Initially motivated by curiosity about its business, Netflix executives quickly recognized the opportunity presented by Warner Bros, beyond the ability to offer the century-old studio’s deep catalog of movies and television shows to Netflix subscribers. Library titles are valuable to streaming services as these movies and shows can account for 80 percent of viewing, according to one person familiar with the business.
Warner Bros’ business units — particularly its theatrical distribution and promotion unit and its studio — were complementary to Netflix. The HBO Max streaming service also would benefit from insights learned years ago by streaming leader Netflix that would accelerate HBO’s growth, according to one person familiar with the situation. Netflix began flirting with the idea of acquiring the studio and streaming assets, another source familiar with the process told Reuters, after WBD announced plans in June to split into two publicly traded companies, separating its fading but cash-generating cable television networks from the legendary Warner Bros studios, HBO and the HBO Max streaming service.
Netflix and Warner Bros did not reply to requests for comment.
The work intensified this autumn, as Netflix began vying for the assets against Paramount and NBCUniversal’s parent company, Comcast.
Warner Bros kicked off the public auction in October, after Paramount submitted the first of three escalating offers for the media company in September. Sources familiar with the offer said Paramount aimed to pre-empt the planned separation because the split would undercut its ability to combine the traditional television networks businesses and increase the risk of being outbid for the studio by the likes of Netflix.
Around that time, banker JPMorgan Chase & Co. was advising Warner Bros Discovery CEO David Zaslav to consider reversing the order of the planned spin, shedding the Discovery Global unit comprising the company’s cable television assets first. This would give the company more flexibility, including the option to sell the studio, streaming and content assets, which advisers believed would draw strong interest, according to sources familiar with the matter.
Executives for the streaming service and its advisory team, which included the
investment banks Moelis & Company
, Wells Fargo and the law firm Skadden, Arps, Slate, Meagher & Flom, had been holding daily morning calls for the past two months, sources said. The group worked throughout Thanksgiving week — including multiple calls on Thanksgiving Day — to prepare a bid by the December 1 deadline.
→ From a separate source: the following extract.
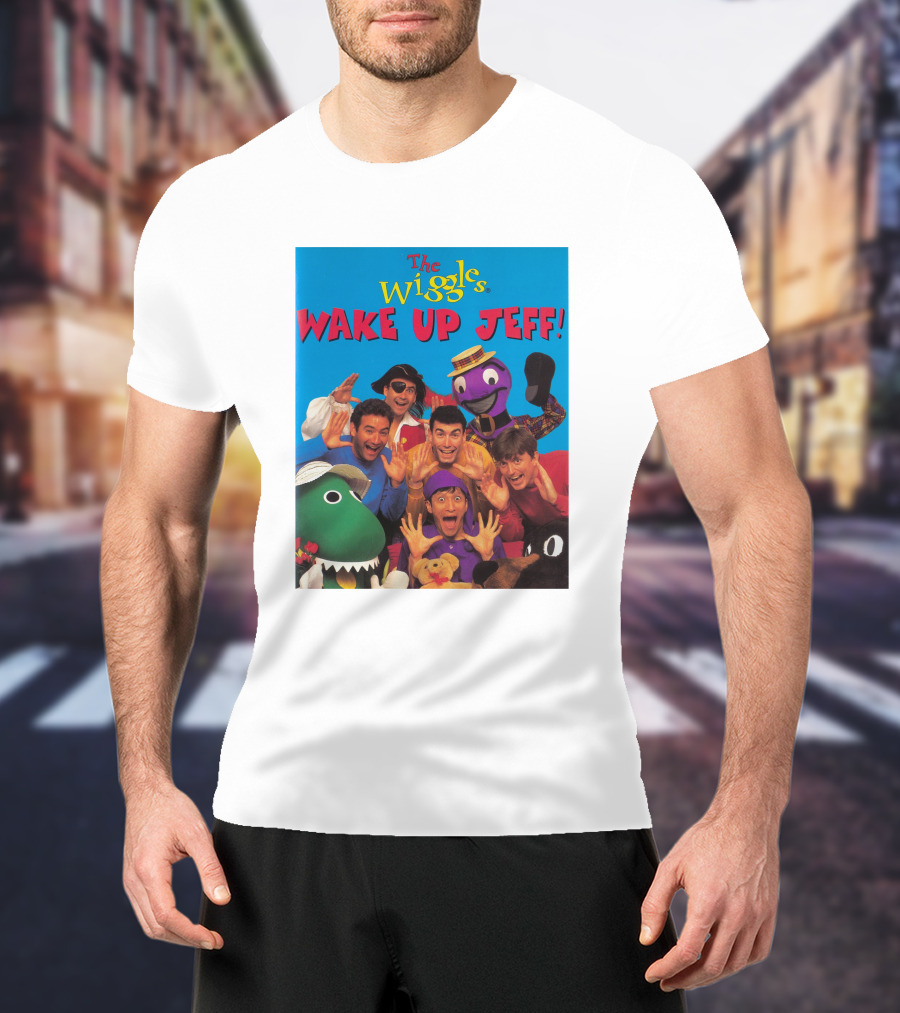 The Wiggles Wake Up Jeff Characters And Colorful Friends Fun Scene T-Shirt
Warner Bros’ board similarly convened every day for the last eight days leading up to the decision on Thursday, when Netflix presented the final offer that sources described as the only offer they considered binding and complete, sources familiar with the deliberations said.
The board favored Netflix’s deal, which would yield more immediate benefits over one by Comcast. The NBCUniversal parent proposed merging its entertainment division with Warner Bros Discovery, creating a much larger unit that would rival Walt Disney. But it would have taken years to execute, the sources said.
Comcast declined to comment.
Although Paramount raised its offer to $30 per share on Thursday for the entire company, for an equity value of $78 billion, according to sources familiar with the deal, the Warner Bros board had concerns about the financing, other sources said.
Paramount declined comment.
To reassure the seller over what is expected to be a significant regulatory review, Netflix put forward one of the largest breakup fees in M&A history of $5.8 billion, a sign of its belief it would win regulatory approval, the sources said. “No one lights $6 billion on fire without that conviction,” one of the sources said.
Until the moment late on Thursday night when Netflix learned its offer had been accepted — news that was greeted by clapping and cheering on a group call — one Netflix executive confided that they thought they had only a 50-50 chance.